How to complete this task
Write down exactly the lines from the one with "Chevrolet Traverse Vehicle" to the end of the data, first and last included, and no others.

[Stored data entries]
*** Block opens ***

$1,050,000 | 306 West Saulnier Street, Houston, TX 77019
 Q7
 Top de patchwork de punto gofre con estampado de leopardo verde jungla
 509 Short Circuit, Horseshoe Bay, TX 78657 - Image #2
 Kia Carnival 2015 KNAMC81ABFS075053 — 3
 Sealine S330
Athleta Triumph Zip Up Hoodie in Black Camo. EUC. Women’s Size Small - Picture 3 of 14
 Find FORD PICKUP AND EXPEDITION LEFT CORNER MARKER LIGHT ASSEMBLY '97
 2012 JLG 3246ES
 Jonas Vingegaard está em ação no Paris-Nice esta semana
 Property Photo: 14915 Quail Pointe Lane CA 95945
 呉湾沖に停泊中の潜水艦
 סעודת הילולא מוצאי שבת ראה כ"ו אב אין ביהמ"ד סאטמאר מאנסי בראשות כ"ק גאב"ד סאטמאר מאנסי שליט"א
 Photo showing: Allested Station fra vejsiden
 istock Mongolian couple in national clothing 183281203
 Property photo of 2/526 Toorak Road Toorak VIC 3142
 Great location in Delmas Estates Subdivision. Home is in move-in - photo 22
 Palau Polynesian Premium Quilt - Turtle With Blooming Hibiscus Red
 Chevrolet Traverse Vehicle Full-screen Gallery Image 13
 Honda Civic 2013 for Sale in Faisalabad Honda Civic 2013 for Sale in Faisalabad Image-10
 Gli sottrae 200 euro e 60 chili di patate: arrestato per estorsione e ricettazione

*** Block closes ***

Worked solution
 Chevrolet Traverse Vehicle Full-screen Gallery Image 13
 Honda Civic 2013 for Sale in Faisalabad Honda Civic 2013 for Sale in Faisalabad Image-10
 Gli sottrae 200 euro e 60 chili di patate: arrestato per estorsione e ricettazione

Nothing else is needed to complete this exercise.